The Security Digest - News Team
Published
November 6, 2025

A new report finds companies are adopting AI faster than they can implement security controls, creating significant unmanaged risk.

Credit: Outlever

Key Points

  • A new report finds companies are adopting AI faster than they can implement security controls, creating significant unmanaged risk.
  • The report reveals nearly 60% of leaders believe their teams are losing the battle against AI-driven cyber threats, with many not fully understanding the technology they deploy.
  • The pressure to adopt AI has led over 60% of leaders to spend more time on compliance paperwork than on actual security improvements.
  • Despite the risks, 95% of companies see AI as a tool that makes their teams more effective, fueling a rush to adopt the technology.

Companies are aggressively deploying AI far faster than they can govern it, creating a massive field of unmanaged risk, according to a new Vanta report.

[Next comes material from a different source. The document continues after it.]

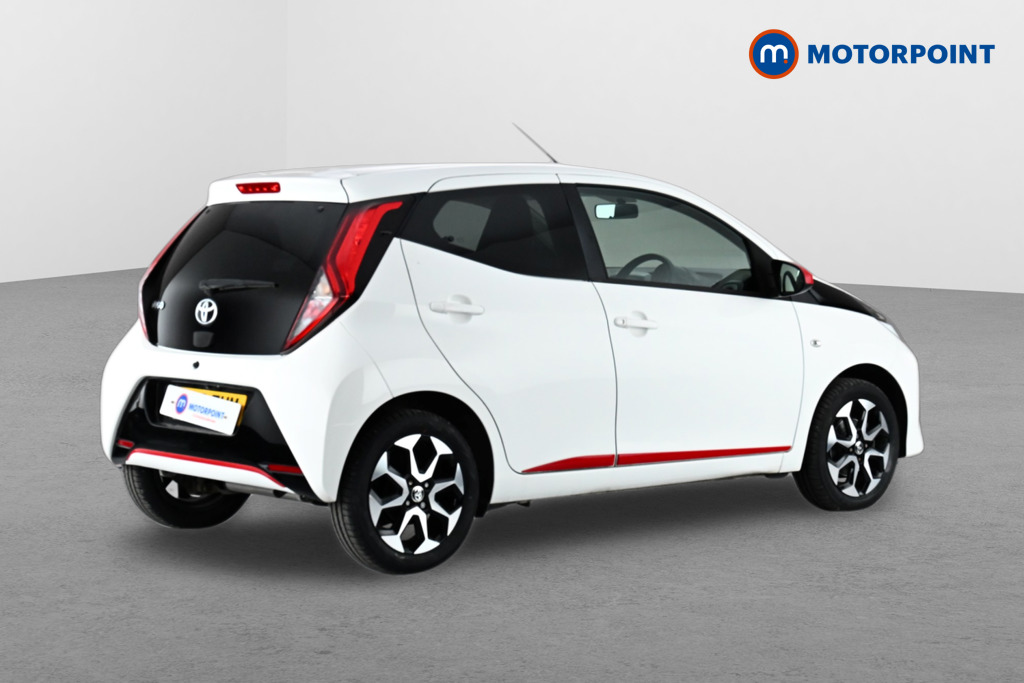 Toyota Aygo X-Trend Manual Petrol Hatchback - Stock Number (1629562) - Passenger side rear corner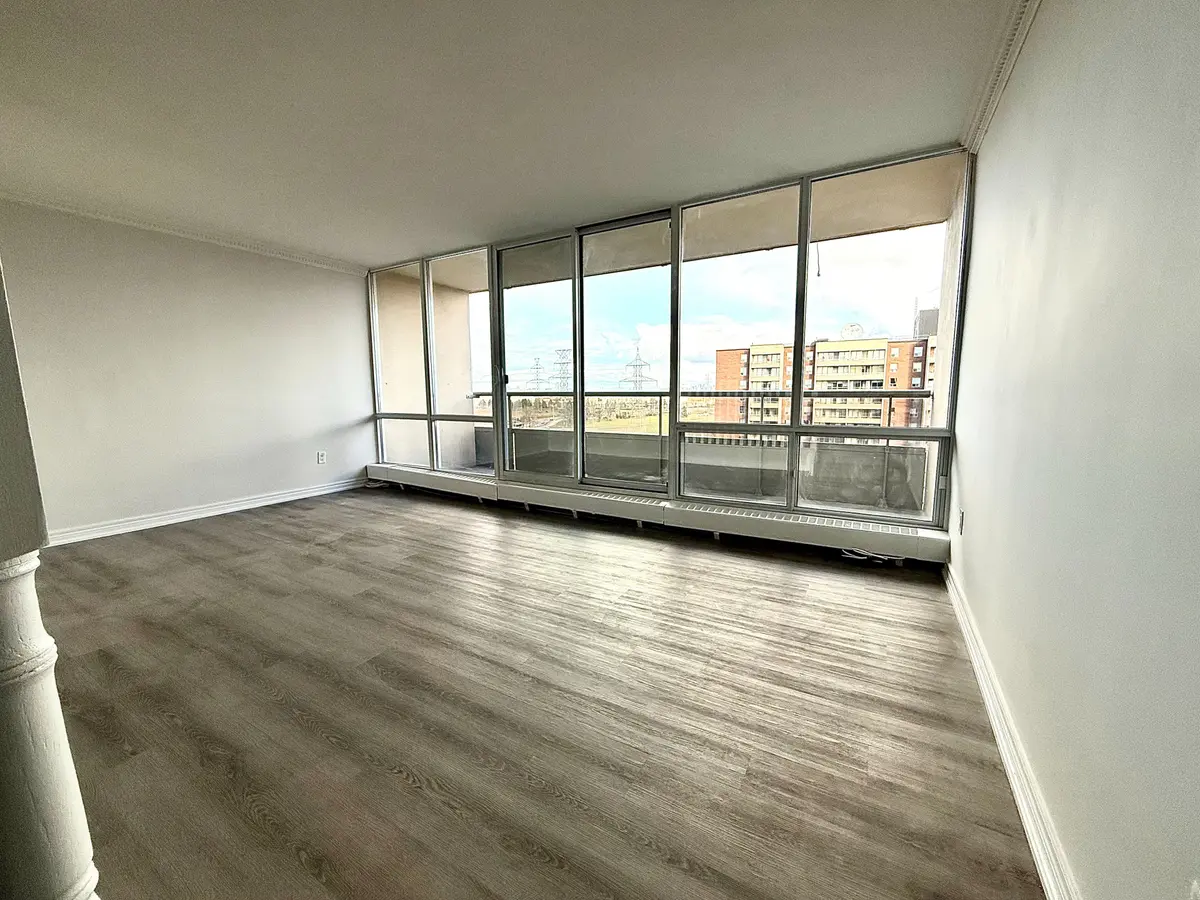 25 Four Winds DR #906, Toronto W05, ON M3J 1K8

The "adopt now, govern later" mindset is driven by a frantic push for a competitive edge, leaving security teams scrambling to catch up.

  • Ignorance is risk: A survey of thousands of leaders found nearly 60% admit their teams are losing the arms race against AI-driven cyber threats. Nearly two-thirds confess they don’t fully understand the advanced "agentic AI" they're already deploying, and about half have already seen a resulting spike in AI-generated phishing and malware.

  • Welcome to security theater: This pressure has created a culture of performative safety. Over 60% of leaders say they now spend more time proving compliance than actually improving their defenses, with many dismissing today's frameworks as mere "security theater."

The central paradox is that companies see AI as both the threat and the solution, with a staggering 95% saying it makes their teams more effective. This is fueling a high-stakes rush to embrace a technology that remains dangerously misunderstood. The Vanta report also found that most leaders believe their security budgets are only half of what they should be, while separate research shows Fortune 100 firms are accelerating their public disclosures on AI risks. As companies grapple with these issues, the industry conversation is moving to events like Vanta's upcoming AI and trust conference.